Work order: Leaving out all pictures, write out word for word the lines from the one containing "Lady Gaga, les" to the end of the data below.

Captioned web image data:
----------------

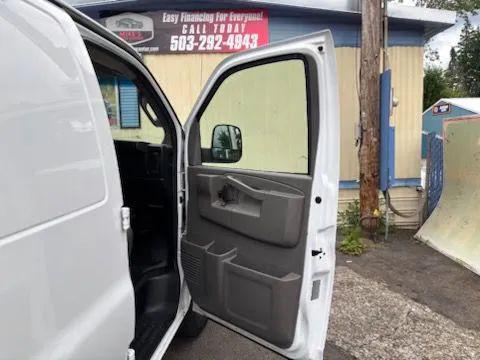 2017 Chevrolet Express Work Van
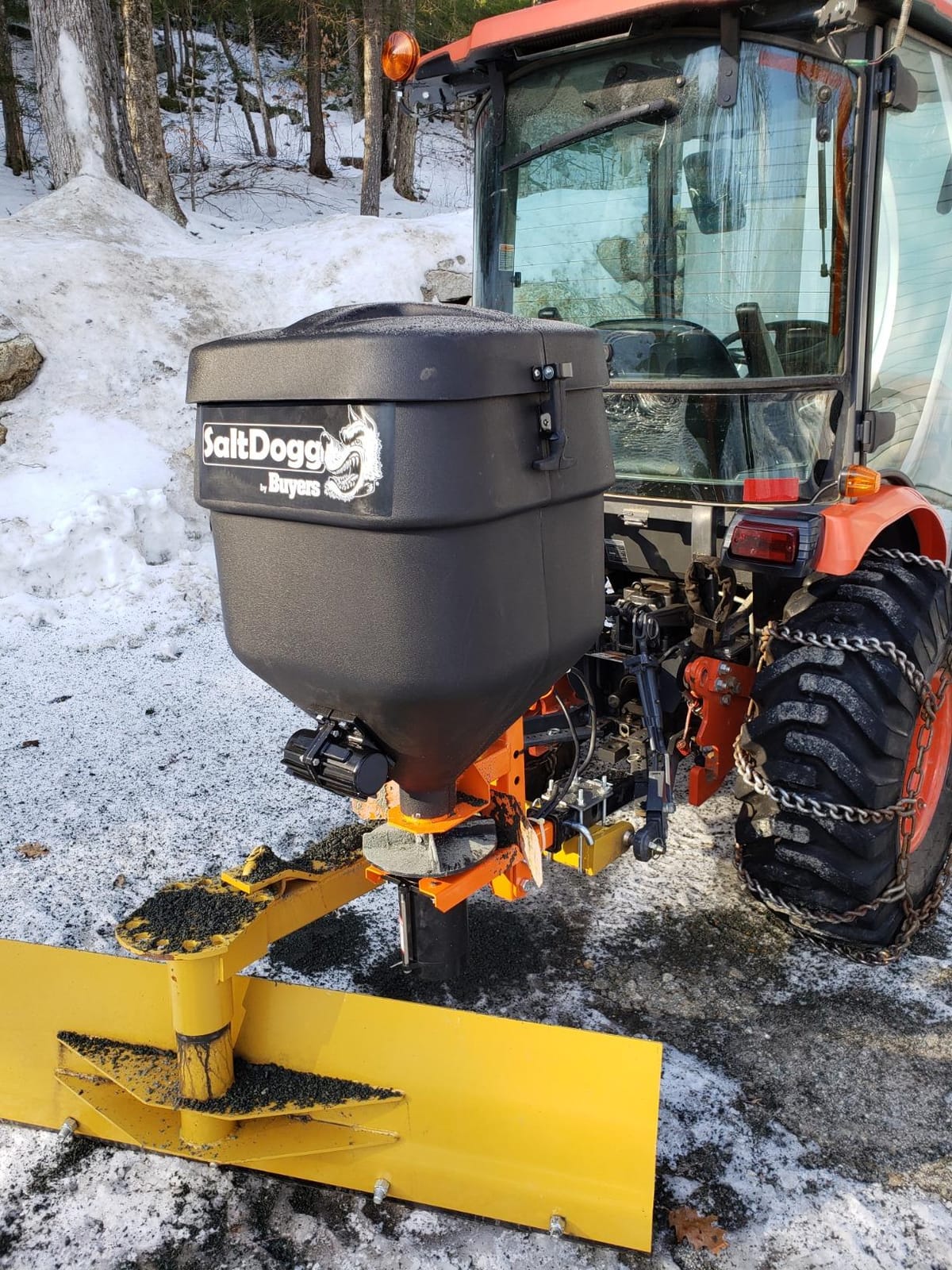 Buyers Products TGSUVPROA SaltDogg Tailgate Salt Spreader, Made in the USA, 4.41 cu ft/331lb Capacity, Gravity Feed with Auger Assist, Tailgate Spreader for Residential & Light Commercial Use customer photo 2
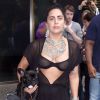 Lady Gaga, les cheveux noirs, dans les rues de New York avec son chien Asia, le 12 juin 2014. 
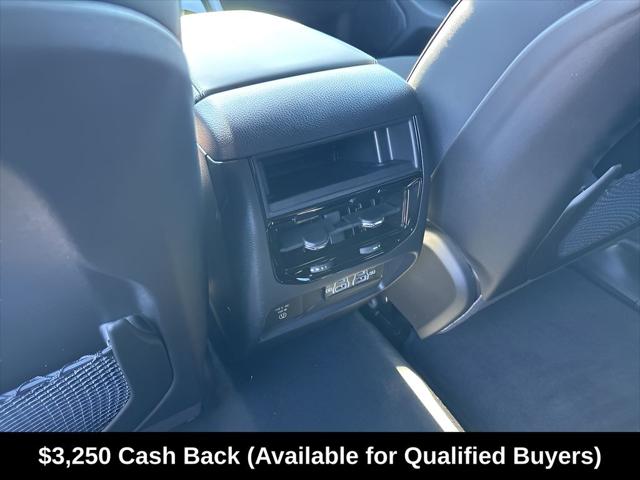 2025 Jeep Grand Cherokee Laredo X 4x2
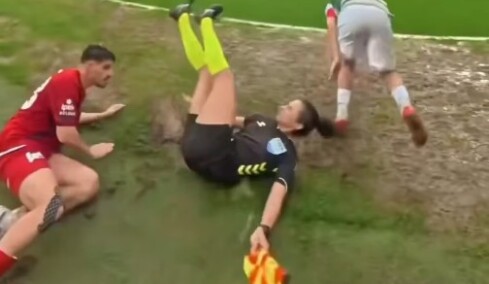 Τουρκία: Διπλό τάκλιν στη βοηθό διαιτητή, δείτε βίντεο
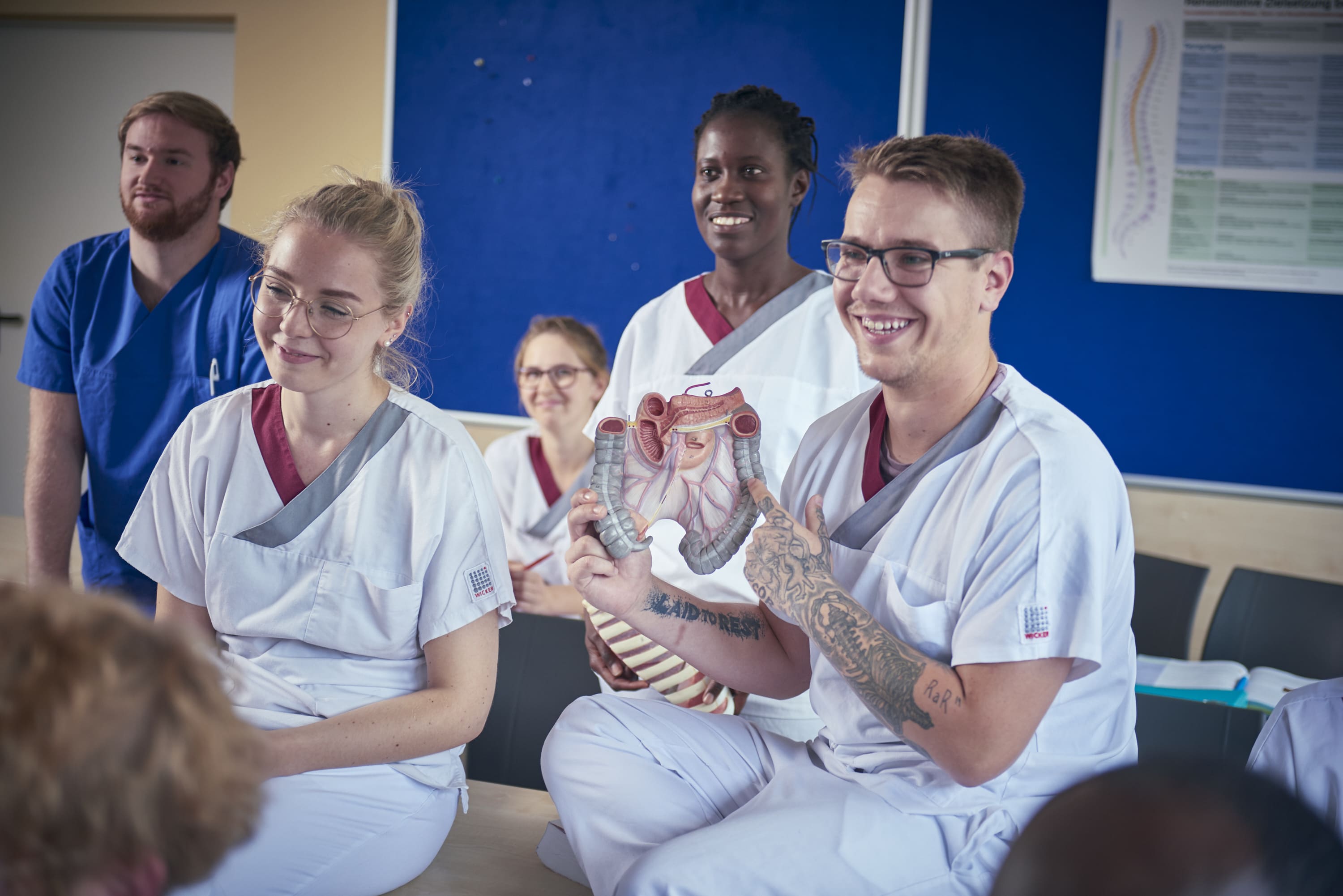 Ausbildung Krankenpflegehelfer Theorie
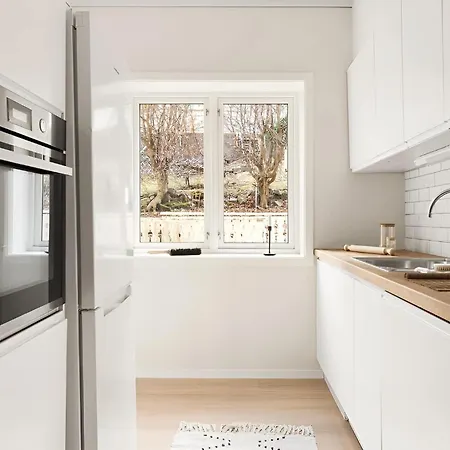 Appartement Roomsly - Modern And Bright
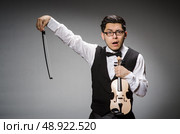 Funny violin player with fiddle. Стоковое фото, агентство Ingram Publishing / Фотобанк Лори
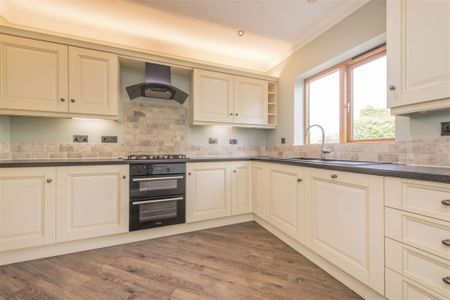 4 bed House - Detached To Let - Photo 4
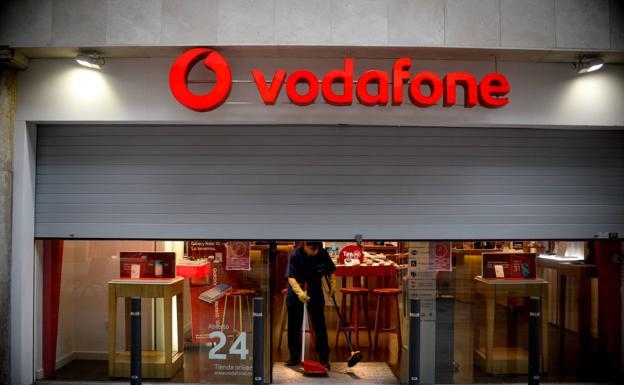 Vodafone propone 509 despidos y cerrar todas sus tiendas propias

----------------

Finished task:
 Lady Gaga, les cheveux noirs, dans les rues de New York avec son chien Asia, le 12 juin 2014. 
 2025 Jeep Grand Cherokee Laredo X 4x2
 Τουρκία: Διπλό τάκλιν στη βοηθό διαιτητή, δείτε βίντεο
 Ausbildung Krankenpflegehelfer Theorie
 Appartement Roomsly - Modern And Bright
 Funny violin player with fiddle. Стоковое фото, агентство Ingram Publishing / Фотобанк Лори
 4 bed House - Detached To Let - Photo 4
 Vodafone propone 509 despidos y cerrar todas sus tiendas propias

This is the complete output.